Vanessa Marshall, 38, of West Baltimore sat at a table filling out her 10th job application. She applied at Sears, Macy's, Hecht's, Home Depot and Circuit City, among others, and felt sure of leaving with more than one solid job prospect. After all, she had two highly sought-after qualifications, retail experience and enthusiasm for a field she said she missed.
"They have plenty of positions open," she said. "Something's going to come of this."
Other applicants came into the job fair seeking temporary employment, but said after hearing retailers' sales pitches that they would consider longer-term retail careers.
"Most have real nice benefits," said Diane Marner, 37, of Woodlawn, a dietitian whose job had been cut. "If I were to find something I like it could be a change of career," she said.
Retail has suffered more than other industries from a shortage of quality labor, said Steve Cochrane, a senior economist with DTC Regional Financial Associates in West Chester, Pa.
"It has partly to do with the fact that there are so many employment opportunities in so many other industries right now, many that pay better than retail," he said, adding that when it comes to finding management candidates, "there are fewer college grads out there than when the baby boomers were getting out of college. And they are graduating into an economy that's as strong as it's been for years."
In Maryland in July, for instance, the pool of unemployed workers numbered 130,266 -- 10.3 percent fewer than in July 1997, according to Regional Financial Associates. In Maryland, where 430,000 retail employees account for about 20 percent of the state's labor force, retail employment has grown an average of 1.5 percent over the past five years, a little more slowly than state employment as a whole, according to the U.S. Labor Department.
Retailers also feel the worker shortage more acutely than other industries because "the retailing sector has not done as good a ** job as it needs to do to make the case for retailing as a career, said Leonard Berry, director of the Center for Retailing Studies at Texas A&M; University, the nation's largest business school with a retailing program.
"On too many college campuses for too long, retailing has been a stepchild, not as glamorous as working in investment banking or manufacturing or financial services. Yet, in a very real sense, retail is where the action is," Berry said.
"We can tell in our interaction with major retail companies from throughout the nation that they are hungrier for people than ever in my memory," Berry said. "It's a major issue, not just today but tomorrow.

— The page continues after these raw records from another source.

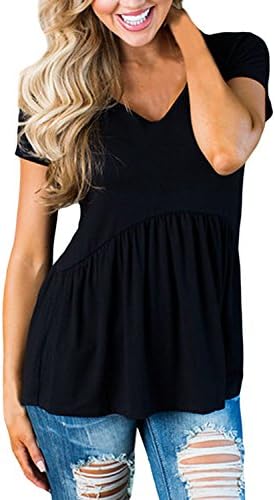 Azokoe Womens Regular Tops Under 20 Scoop Neck Spring Basic Flared T Shirts Casual Loose Short Sleeves Babydoll Shirt Tops and Blouses For Junior Black Large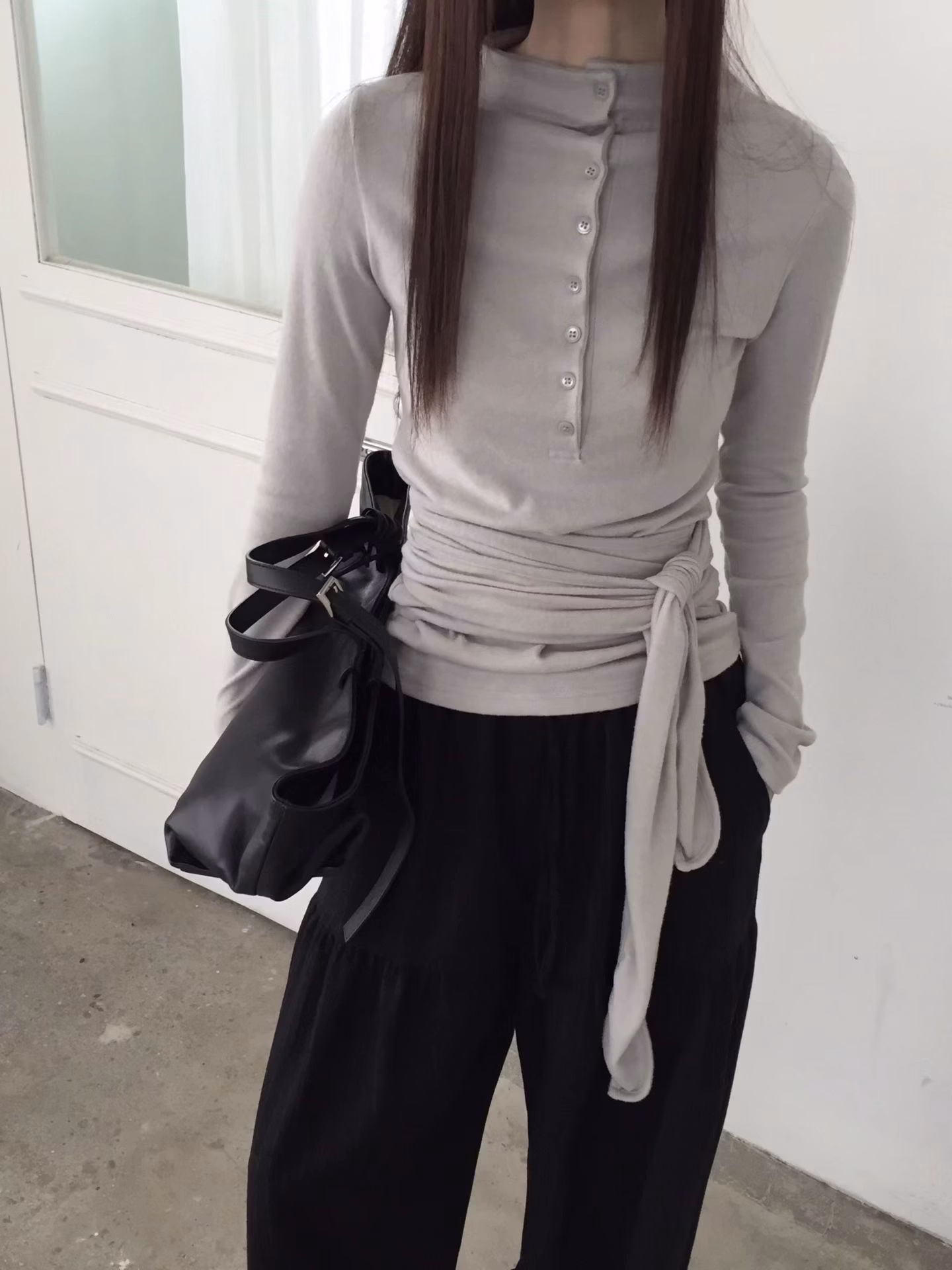 立領排扣腰綁帶上衣：圖片 2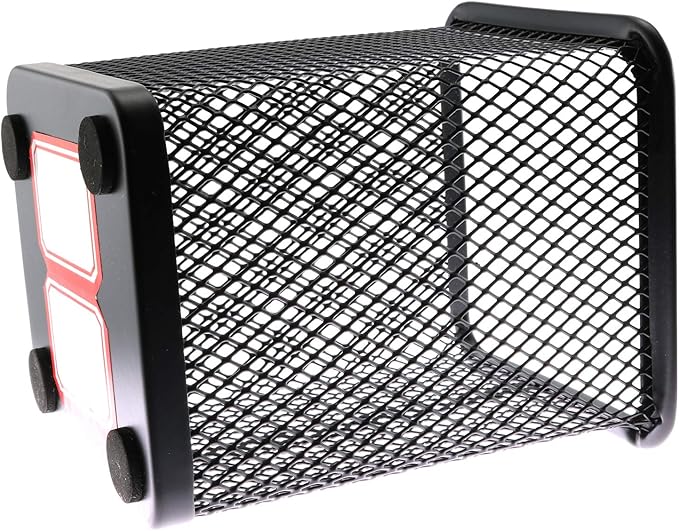 1-Pack Mesh Pen Holder Square Shape Pencil Container Multipurpose Metal Hollow Out Desktop Storage Organizer for Student Stationery Office Supplies(Black)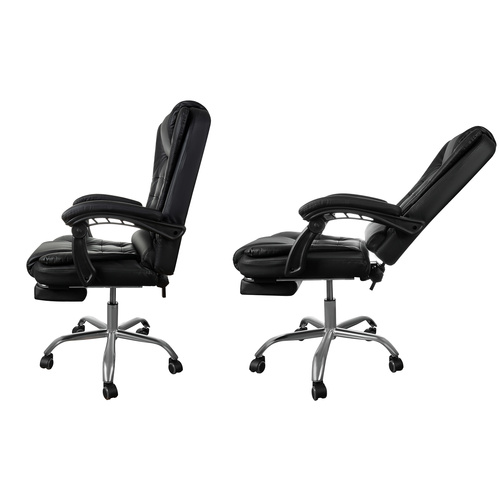 Otočná kancelářská židle COMFY s výsuvnou podnožkou - černá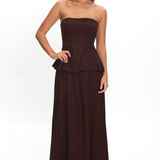 Synthia Peplum Waist Maxi Dress Chocolate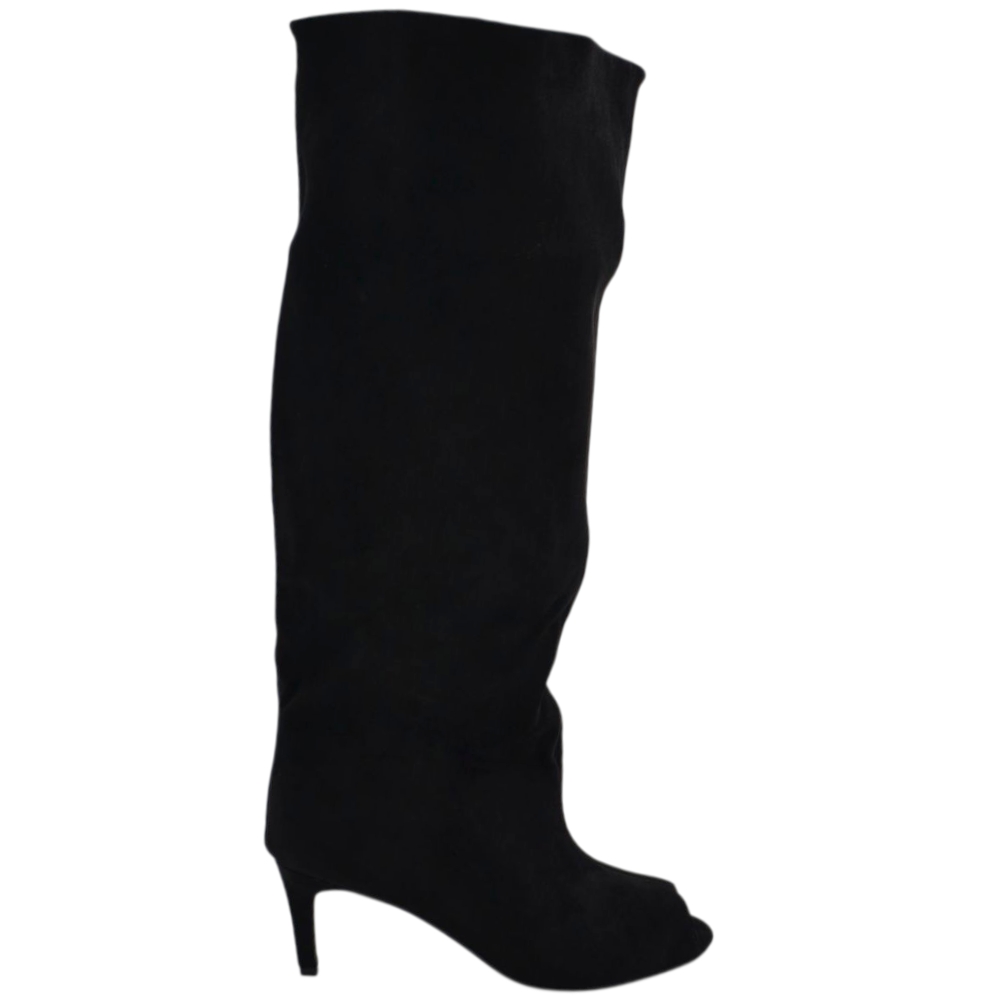 Stivali Slouchy donna Arricciato in Camoscio nero Spuntato open tee con Tacco Spillo 5 cm e Gambale Over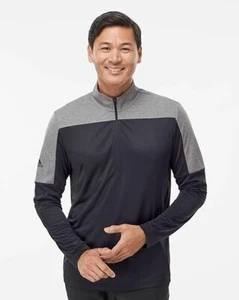 NUOVO Adidas 1/4 Zip UPF Camicia Leggera Uomo S Nero Grigio Pullover Manica Lunga - Foto 1 di 4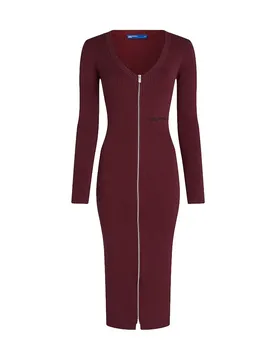 Karl Jeans Vestito Midi A Maniche Lunghe Aw13011 Zinfandel M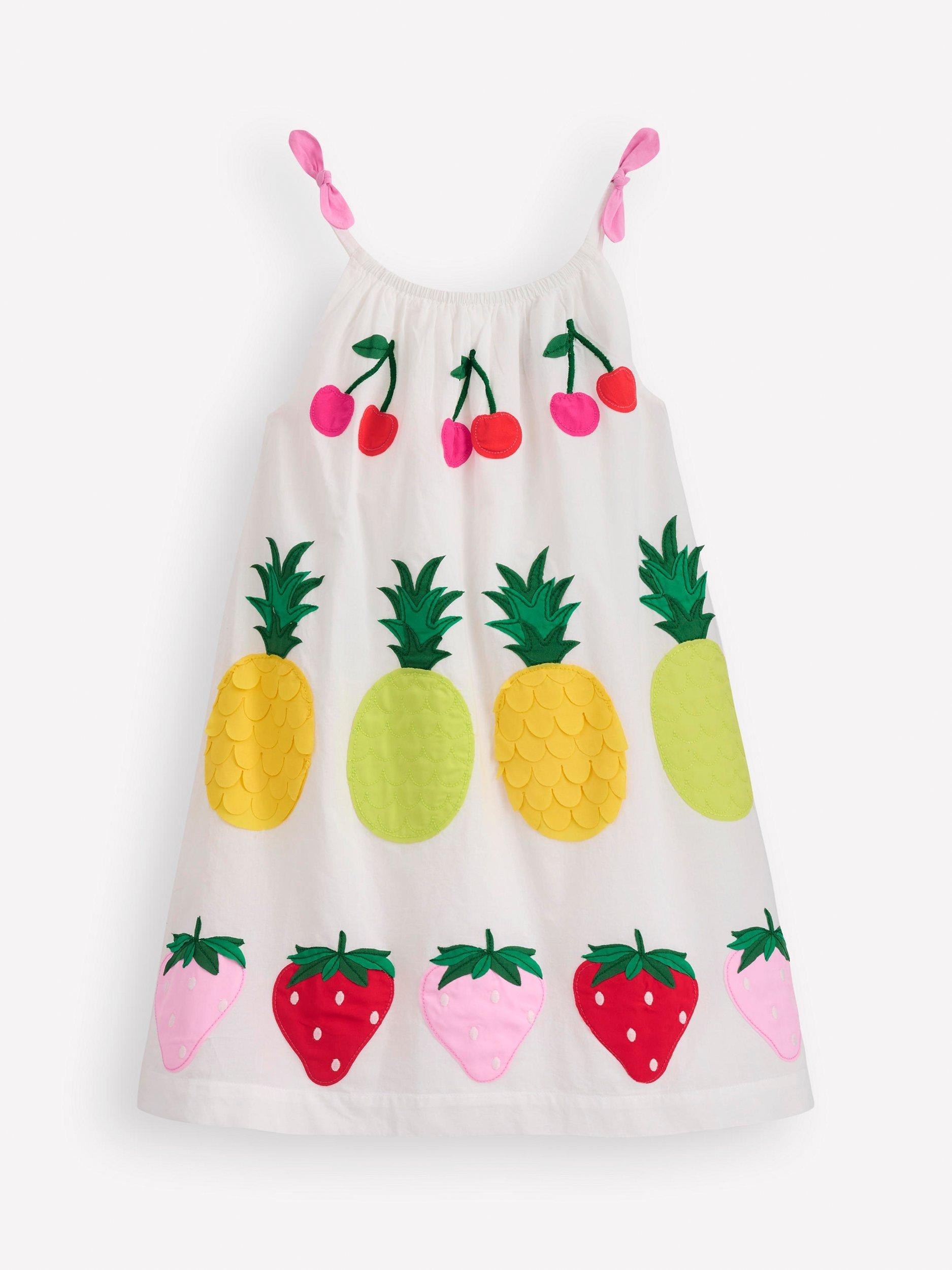 Mini Boden Kids' Cotton Strappy Applique Top, Soft Ivory Fruit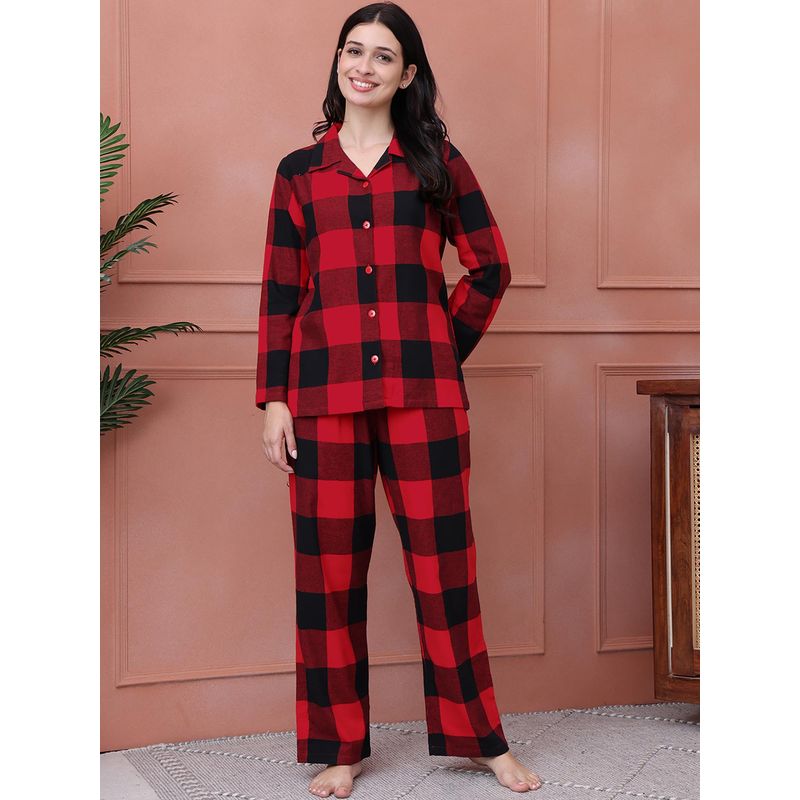 Maroon Checkered Cotton Flannel Night Suit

Who will mind the store?"
Retailers have begun recognizing the need to become more competitive, especially in salaries, said Bruce VanKleeck, vice president of member services for the National Retail Federation.
The trade group's 1997 survey of the specialty store industry show store managers earning an average $30,176, with managers of high volume stores with sales in the range of $4 million to $10 million earning an average $48,000. A manager of a department store typically can earn at least $100,000, he said.
"I would bet those salaries have increased because of competition in the workplace, even during the last year," he said. "The industry has become extremely competitive."